Because of how this show is going, he’s utterly nonplussed when his dad proceeds to make the crystal at the end of his staff glow, which summons a thunderstorm (An odd thunderstorm, as there’s thunder, lightning, but never any rain…) and a vague image that’s maybe the head of a bear appears in what is either a vortex of storm clouds, or just one storm cloud that they filmed while spinning the camera around in a circle. Darrow Lonetree declares that he’s performed the traditional ritual preparations, and informs the spirit of his CV:

I’ve been to college. I own a piece of land and I plan on building a house. And I’ve never lost a fight with anyone. I’m in excellent health, and I feel good about who I am. I’m ready to own the spirit.

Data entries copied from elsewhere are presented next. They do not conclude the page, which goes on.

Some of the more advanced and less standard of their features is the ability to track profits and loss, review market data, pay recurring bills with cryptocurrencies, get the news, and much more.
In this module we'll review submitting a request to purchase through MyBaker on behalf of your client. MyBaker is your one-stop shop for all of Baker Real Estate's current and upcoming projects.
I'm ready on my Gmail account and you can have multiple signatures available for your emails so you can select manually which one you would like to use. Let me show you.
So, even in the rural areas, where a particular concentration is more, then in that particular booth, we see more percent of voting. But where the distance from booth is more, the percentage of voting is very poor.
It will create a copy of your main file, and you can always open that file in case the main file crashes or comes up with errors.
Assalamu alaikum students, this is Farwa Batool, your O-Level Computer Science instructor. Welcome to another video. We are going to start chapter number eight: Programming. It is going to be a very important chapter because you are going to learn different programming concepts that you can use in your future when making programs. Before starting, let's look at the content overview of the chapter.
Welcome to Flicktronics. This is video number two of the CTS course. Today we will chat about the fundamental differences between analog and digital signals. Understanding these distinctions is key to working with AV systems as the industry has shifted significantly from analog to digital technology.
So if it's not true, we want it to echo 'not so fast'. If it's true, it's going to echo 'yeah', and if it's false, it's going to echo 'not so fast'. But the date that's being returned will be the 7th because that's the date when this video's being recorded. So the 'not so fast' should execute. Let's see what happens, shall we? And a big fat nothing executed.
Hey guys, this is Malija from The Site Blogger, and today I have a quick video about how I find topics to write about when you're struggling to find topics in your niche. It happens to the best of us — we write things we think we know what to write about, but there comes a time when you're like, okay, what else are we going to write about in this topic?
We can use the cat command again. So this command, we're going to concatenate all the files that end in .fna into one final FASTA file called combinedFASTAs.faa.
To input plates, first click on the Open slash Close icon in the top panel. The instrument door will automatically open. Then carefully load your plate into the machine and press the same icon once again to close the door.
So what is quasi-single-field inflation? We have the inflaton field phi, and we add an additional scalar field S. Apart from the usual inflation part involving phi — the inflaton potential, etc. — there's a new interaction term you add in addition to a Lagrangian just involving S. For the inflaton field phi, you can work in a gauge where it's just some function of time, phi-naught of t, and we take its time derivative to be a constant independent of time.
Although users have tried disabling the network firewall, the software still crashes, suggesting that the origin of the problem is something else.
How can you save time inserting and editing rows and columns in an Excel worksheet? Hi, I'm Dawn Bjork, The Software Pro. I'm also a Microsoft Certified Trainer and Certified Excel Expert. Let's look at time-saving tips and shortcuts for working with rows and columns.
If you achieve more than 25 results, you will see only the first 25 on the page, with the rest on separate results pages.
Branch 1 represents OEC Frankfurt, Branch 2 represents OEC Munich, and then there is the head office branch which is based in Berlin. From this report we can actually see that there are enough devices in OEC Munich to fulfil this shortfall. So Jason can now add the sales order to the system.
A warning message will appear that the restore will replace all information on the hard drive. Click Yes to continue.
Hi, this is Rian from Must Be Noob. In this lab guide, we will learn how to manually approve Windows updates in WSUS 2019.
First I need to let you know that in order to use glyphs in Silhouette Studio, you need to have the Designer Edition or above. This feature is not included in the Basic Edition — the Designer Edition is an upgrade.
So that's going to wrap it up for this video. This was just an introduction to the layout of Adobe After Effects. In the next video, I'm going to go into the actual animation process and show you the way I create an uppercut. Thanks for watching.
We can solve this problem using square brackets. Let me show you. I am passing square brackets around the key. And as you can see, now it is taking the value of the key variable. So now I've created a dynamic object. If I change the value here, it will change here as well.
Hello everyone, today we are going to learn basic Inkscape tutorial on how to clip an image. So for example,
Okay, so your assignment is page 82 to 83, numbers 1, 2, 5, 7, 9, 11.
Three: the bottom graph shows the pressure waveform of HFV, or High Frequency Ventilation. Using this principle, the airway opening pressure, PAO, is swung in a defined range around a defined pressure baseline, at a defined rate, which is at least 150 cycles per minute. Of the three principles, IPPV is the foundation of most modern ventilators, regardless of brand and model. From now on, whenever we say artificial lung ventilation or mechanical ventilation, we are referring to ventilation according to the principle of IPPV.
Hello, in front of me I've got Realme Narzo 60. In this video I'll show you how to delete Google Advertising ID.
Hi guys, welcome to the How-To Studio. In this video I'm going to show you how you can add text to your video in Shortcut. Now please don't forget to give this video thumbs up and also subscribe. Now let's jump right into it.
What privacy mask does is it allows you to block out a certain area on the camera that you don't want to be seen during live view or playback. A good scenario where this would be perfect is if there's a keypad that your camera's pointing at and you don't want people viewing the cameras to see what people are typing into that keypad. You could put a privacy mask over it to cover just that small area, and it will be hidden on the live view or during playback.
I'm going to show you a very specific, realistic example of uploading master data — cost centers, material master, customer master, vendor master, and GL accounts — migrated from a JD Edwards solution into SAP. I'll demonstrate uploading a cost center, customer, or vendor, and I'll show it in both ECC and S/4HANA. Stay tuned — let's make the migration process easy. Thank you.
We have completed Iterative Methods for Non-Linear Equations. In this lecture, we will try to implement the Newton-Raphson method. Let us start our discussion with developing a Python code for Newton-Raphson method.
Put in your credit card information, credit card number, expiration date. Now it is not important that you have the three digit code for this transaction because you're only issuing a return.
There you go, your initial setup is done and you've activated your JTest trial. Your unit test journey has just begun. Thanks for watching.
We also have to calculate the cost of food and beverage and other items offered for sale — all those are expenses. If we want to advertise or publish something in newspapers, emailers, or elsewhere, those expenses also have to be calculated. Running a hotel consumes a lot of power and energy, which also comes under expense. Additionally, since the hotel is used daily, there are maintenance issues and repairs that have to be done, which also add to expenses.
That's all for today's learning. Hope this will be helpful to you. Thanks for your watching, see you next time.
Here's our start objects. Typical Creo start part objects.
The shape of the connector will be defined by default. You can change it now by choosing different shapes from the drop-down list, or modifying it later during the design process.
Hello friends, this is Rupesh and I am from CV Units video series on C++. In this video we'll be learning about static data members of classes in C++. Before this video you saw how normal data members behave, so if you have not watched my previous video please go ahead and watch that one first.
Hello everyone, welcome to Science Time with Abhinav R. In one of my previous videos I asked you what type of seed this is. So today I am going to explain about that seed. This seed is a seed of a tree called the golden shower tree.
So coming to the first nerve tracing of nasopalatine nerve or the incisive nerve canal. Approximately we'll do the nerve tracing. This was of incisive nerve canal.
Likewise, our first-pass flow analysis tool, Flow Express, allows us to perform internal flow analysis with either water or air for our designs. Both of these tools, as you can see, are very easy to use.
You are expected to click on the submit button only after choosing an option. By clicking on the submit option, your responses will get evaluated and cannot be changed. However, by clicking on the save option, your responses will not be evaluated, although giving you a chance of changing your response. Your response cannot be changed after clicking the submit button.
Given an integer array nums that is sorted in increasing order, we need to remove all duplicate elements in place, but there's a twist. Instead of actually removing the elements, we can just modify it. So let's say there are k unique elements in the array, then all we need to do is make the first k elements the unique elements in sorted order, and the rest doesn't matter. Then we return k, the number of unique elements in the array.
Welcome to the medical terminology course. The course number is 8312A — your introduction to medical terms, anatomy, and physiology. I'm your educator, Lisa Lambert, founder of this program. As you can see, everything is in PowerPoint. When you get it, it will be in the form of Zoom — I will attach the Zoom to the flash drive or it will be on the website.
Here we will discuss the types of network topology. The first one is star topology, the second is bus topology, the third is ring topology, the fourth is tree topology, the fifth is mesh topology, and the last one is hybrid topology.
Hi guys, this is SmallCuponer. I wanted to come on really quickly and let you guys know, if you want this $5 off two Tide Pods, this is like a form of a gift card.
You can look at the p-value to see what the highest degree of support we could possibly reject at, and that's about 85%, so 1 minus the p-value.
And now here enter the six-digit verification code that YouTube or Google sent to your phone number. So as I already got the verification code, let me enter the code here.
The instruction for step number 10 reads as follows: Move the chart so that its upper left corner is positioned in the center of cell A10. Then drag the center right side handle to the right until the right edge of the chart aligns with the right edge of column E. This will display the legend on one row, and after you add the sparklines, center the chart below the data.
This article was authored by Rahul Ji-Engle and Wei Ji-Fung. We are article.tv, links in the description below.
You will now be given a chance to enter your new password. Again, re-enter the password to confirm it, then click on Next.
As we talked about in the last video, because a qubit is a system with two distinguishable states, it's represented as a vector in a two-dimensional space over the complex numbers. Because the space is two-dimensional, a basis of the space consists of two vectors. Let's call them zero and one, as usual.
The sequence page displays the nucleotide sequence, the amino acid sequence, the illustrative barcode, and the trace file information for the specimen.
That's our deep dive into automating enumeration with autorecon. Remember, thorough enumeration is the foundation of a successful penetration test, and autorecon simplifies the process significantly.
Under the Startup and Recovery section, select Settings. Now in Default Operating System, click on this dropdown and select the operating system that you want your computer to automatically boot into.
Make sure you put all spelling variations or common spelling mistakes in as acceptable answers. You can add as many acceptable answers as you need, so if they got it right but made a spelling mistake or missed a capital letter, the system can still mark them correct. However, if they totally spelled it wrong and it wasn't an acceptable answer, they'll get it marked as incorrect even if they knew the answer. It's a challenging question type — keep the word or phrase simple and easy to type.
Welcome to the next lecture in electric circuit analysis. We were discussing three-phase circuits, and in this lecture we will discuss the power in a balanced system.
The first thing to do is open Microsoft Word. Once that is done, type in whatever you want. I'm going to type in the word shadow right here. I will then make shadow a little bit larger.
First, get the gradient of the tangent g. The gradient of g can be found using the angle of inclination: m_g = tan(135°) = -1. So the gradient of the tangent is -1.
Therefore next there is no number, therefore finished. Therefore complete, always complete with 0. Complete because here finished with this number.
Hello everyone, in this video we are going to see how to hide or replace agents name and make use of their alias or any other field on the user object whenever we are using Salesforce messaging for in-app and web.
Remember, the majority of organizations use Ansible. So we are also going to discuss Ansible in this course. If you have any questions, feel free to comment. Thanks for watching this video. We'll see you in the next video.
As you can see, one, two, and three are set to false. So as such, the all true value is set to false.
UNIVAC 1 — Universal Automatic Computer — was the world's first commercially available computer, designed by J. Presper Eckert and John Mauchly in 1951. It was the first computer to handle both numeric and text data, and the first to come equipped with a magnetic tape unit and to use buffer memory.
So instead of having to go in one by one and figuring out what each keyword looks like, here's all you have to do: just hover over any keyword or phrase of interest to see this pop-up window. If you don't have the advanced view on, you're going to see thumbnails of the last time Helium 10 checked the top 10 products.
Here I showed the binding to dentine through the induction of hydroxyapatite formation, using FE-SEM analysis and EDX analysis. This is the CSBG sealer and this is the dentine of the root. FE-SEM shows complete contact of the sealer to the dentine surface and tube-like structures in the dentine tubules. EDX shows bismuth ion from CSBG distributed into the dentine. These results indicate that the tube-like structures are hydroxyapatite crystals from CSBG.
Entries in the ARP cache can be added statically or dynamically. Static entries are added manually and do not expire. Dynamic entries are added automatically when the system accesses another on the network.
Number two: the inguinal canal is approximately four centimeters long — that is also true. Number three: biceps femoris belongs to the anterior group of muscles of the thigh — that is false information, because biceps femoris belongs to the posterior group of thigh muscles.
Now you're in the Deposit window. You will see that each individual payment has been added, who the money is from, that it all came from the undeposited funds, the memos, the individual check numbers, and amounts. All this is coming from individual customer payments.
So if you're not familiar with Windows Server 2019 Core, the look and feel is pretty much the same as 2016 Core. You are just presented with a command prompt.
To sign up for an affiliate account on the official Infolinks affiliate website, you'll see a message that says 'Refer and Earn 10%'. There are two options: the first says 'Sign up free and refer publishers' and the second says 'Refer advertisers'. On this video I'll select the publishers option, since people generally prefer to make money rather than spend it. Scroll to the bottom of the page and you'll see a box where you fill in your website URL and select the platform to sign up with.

By an amazing coincidence, Leah (who happened to come down while I was watching this one), I myself, years ago when I first watched it, and Elyse Dickenson way back in 1989 all had the same reaction: he sounds like a Yuppie.

JosepWar of the Worlds: Ivan Naranjoh’s face replaces the sky-bear in the clouds and declares that, as he failed to fast for the full required time, Darrow is unready. Receiving the spirit of Kay-la-letivik is pretty much the same as an HbA1C test. Joseph vanishes, leaving Darrow alone. I do not really blame the spirits. Darrow doesn’t really seem like the shaman type. I mean, his pitch to the sky-bear about his worthiness sounds more like the rejected suitor in a Victorian romance explaining to the dowager countess how he’s got excellent prospects and would make a fine match for her daughter despite being forty years older than her and being played by Billy Zane. But more to the point, his dad just summoned a storm, and a sky bear, and projected his face onto the heavens, and then teleported away, and his reaction is primarily one of boredom.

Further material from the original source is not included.